> [YOUR ASSIGNMENT]
Transcribe only the lines from the one containing "High Quality Women" through the final line of the entries below, exactly, and exclude the pictures.

> [Caption-style text data]

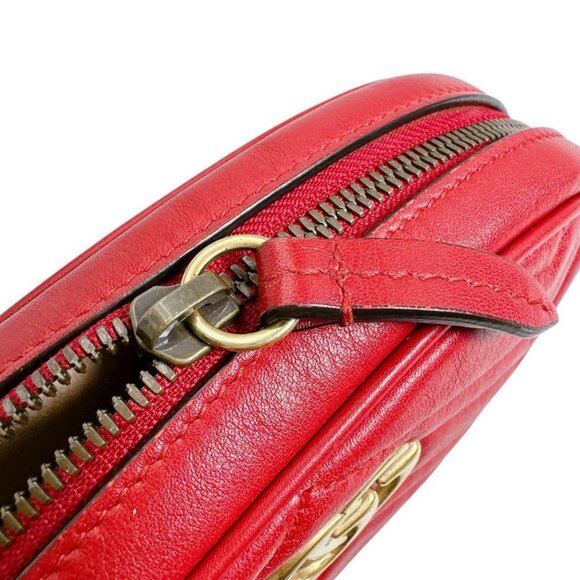 Gucci Body Bag GG Marmont Body Bag Red - Picture 11 of 15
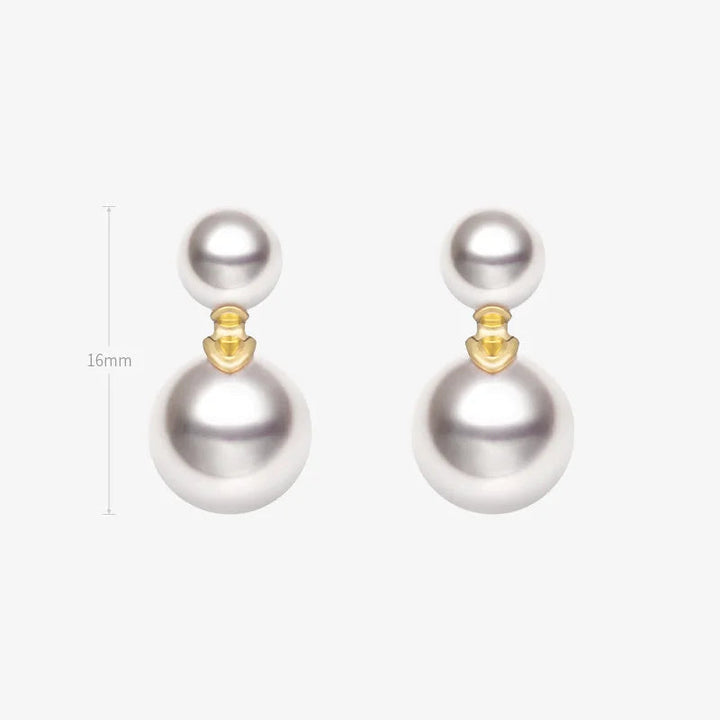 Akoya Pearl 18K Gold Companion Pearl Earrings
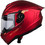 Spyder Radar Plain Matt Metallic Red Κράνος Μηχανής Full Face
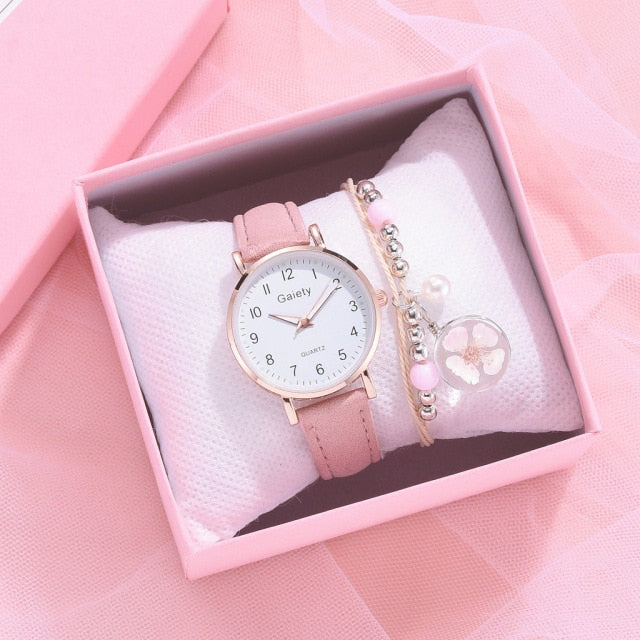 High Quality Women Watch Bracelet Set Girls Gift Fashion
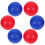 24Pièces Balles Petites PU Souples, Remplacement Pour Jeu Paddle 2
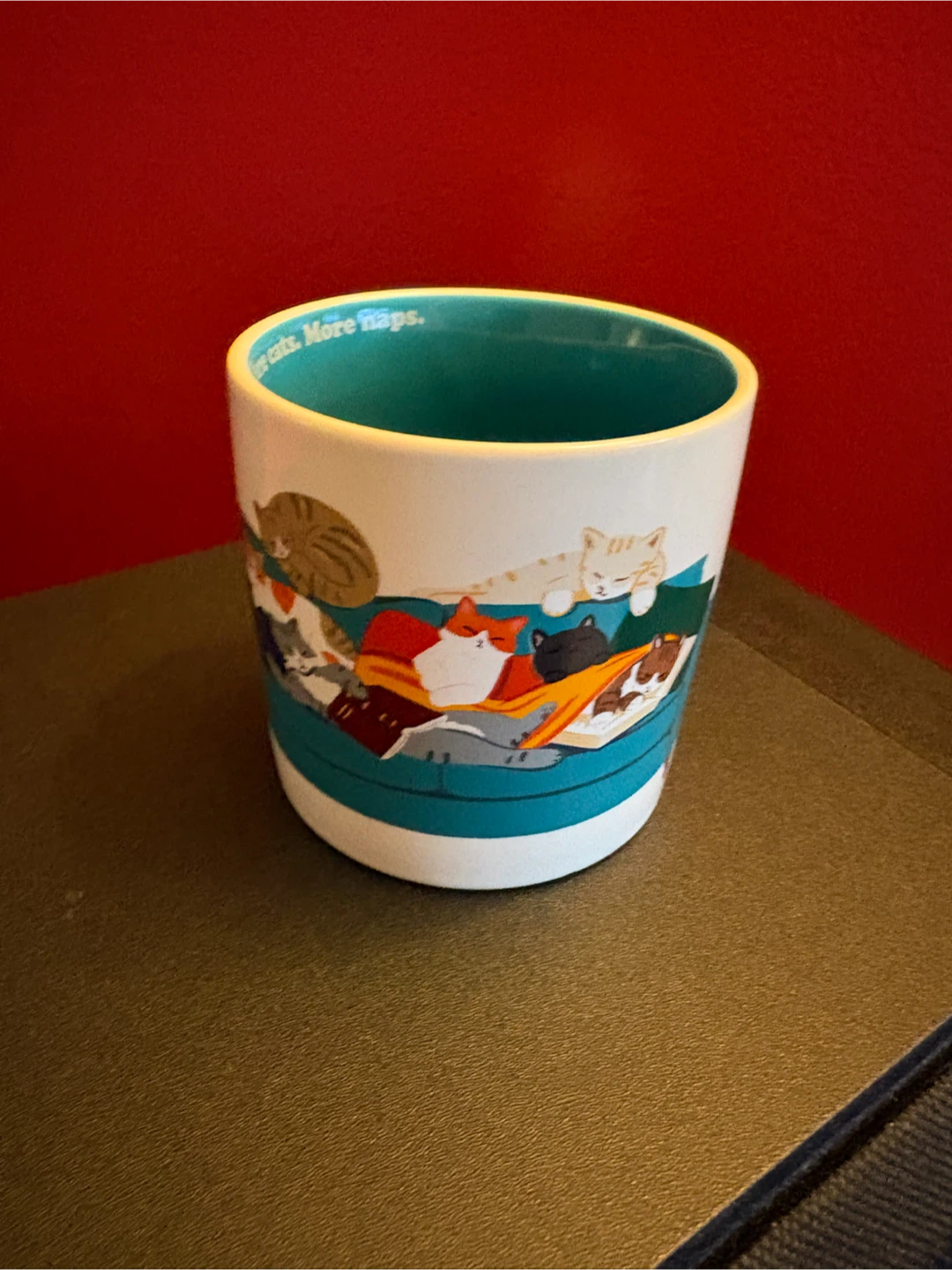 Indigo Cat Couch Mug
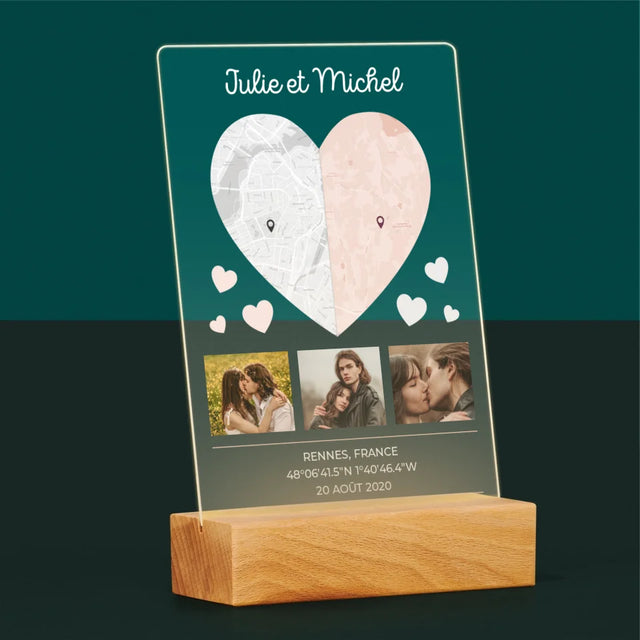 Plan De Ville: Deux Moitiés De Coeur
- Impression Sur Verre Acrylique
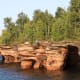 The seacaves at Devils Island in the Apostle Islands National Lakeshore., Wisconsin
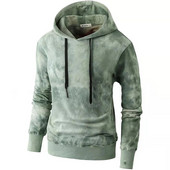 Uus vintage kapuutsiga dressipluus kevad-sügis meeste dressipluus, lipsuvärviga trükitud Harajuku tänavarõivad suures suuruses meeste kapuuts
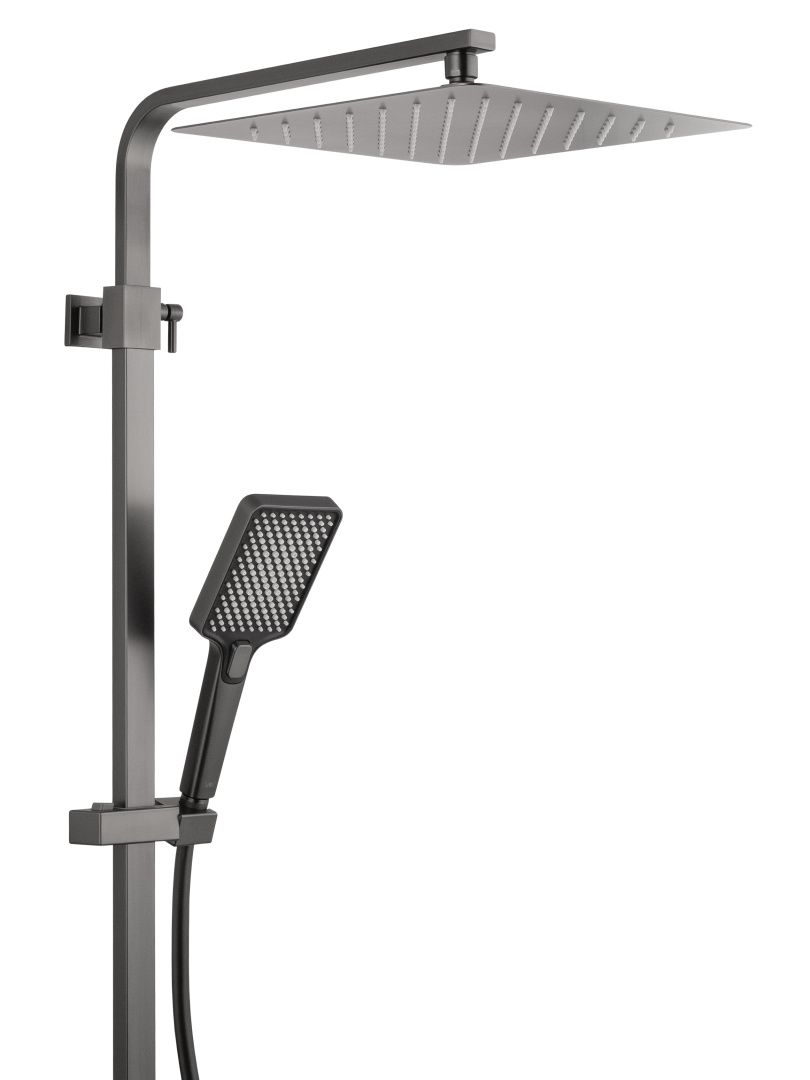 Приобрести душевая система wonzon & woghand flex, темный графит (ww-88047072-bgm)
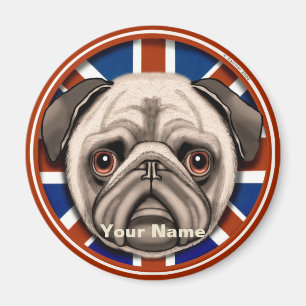 Angleterre Pug aimant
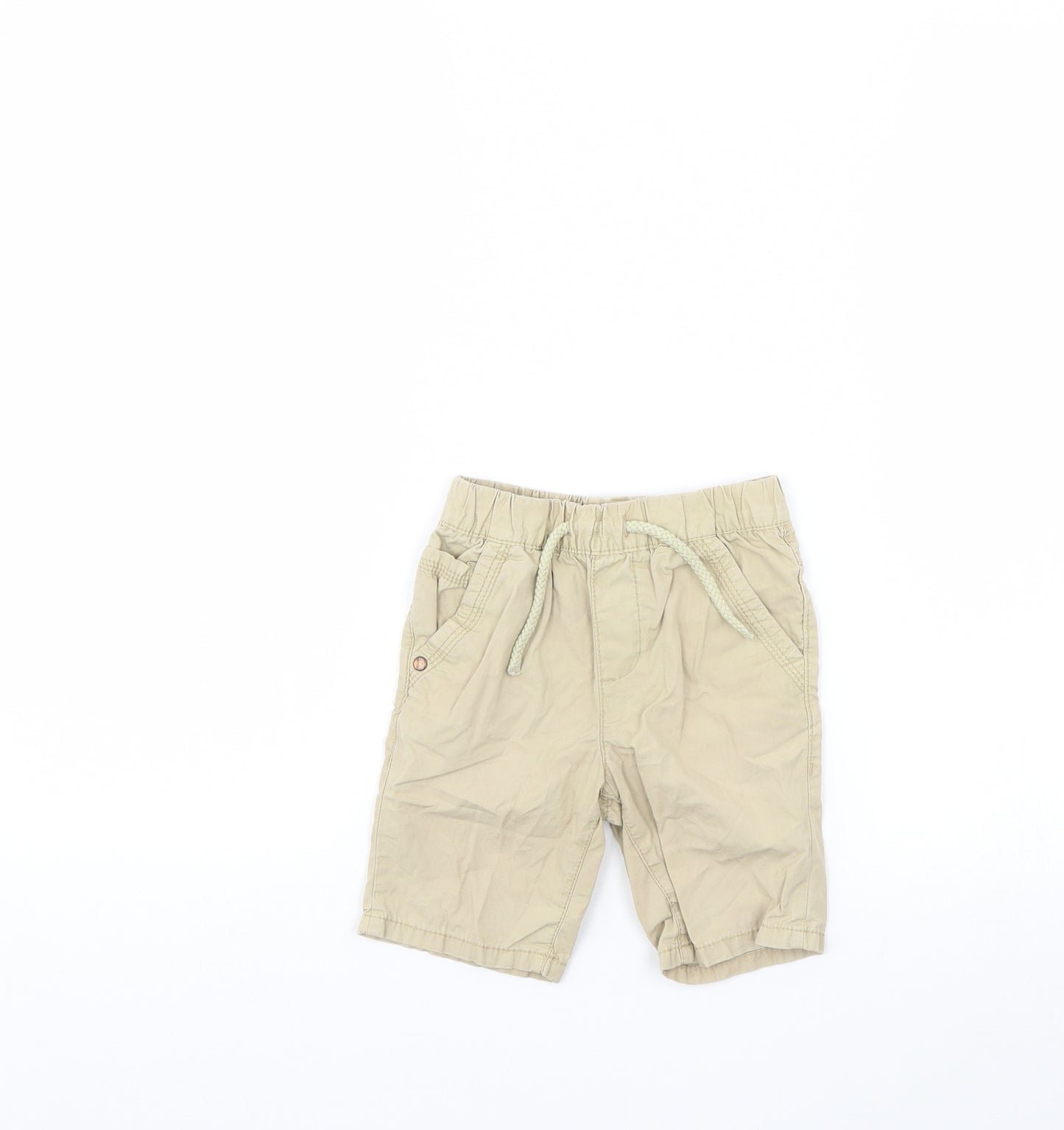 NEXT Boys Beige   Chino Shorts Size 2 Years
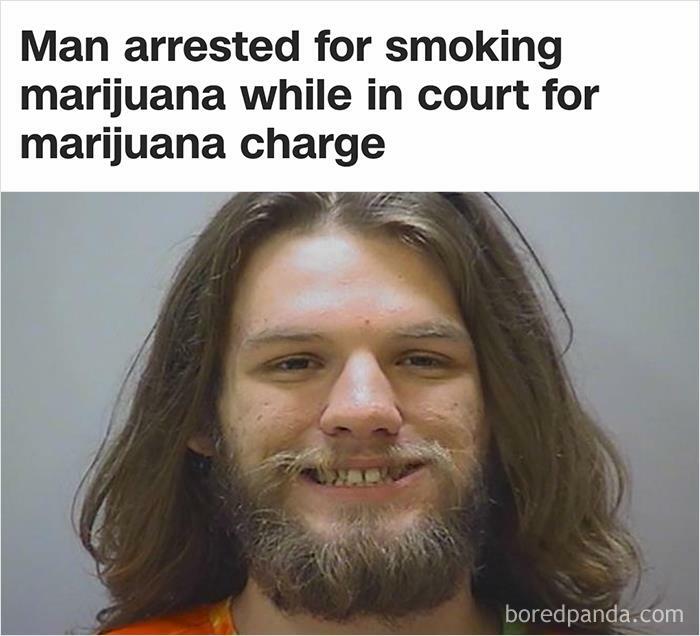Man Arrested For Smoking Marijuana While In Court For Marijuana Charge
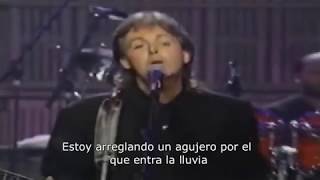 Paul McCartney - Fixing a Hole (Subtitulada en español) 1992 HD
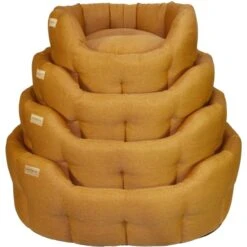 Earthbound Classic Camden Dog Bed In Apricot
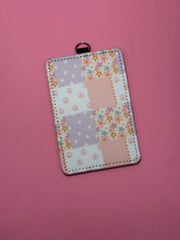 Girly Patchwork - ID Badge Holder with Lanyard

> [ANSWER TO THIS EXERCISE]
 High Quality Women Watch Bracelet Set Girls Gift Fashion
 24Pièces Balles Petites PU Souples, Remplacement Pour Jeu Paddle 2
 Indigo Cat Couch Mug
 Plan De Ville: Deux Moitiés De Coeur
- Impression Sur Verre Acrylique
 The seacaves at Devils Island in the Apostle Islands National Lakeshore., Wisconsin
 Uus vintage kapuutsiga dressipluus kevad-sügis meeste dressipluus, lipsuvärviga trükitud Harajuku tänavarõivad suures suuruses meeste kapuuts
 Приобрести душевая система wonzon & woghand flex, темный графит (ww-88047072-bgm)
 Angleterre Pug aimant
 NEXT Boys Beige   Chino Shorts Size 2 Years
Man Arrested For Smoking Marijuana While In Court For Marijuana Charge
 Paul McCartney - Fixing a Hole (Subtitulada en español) 1992 HD
 Earthbound Classic Camden Dog Bed In Apricot
 Girly Patchwork - ID Badge Holder with Lanyard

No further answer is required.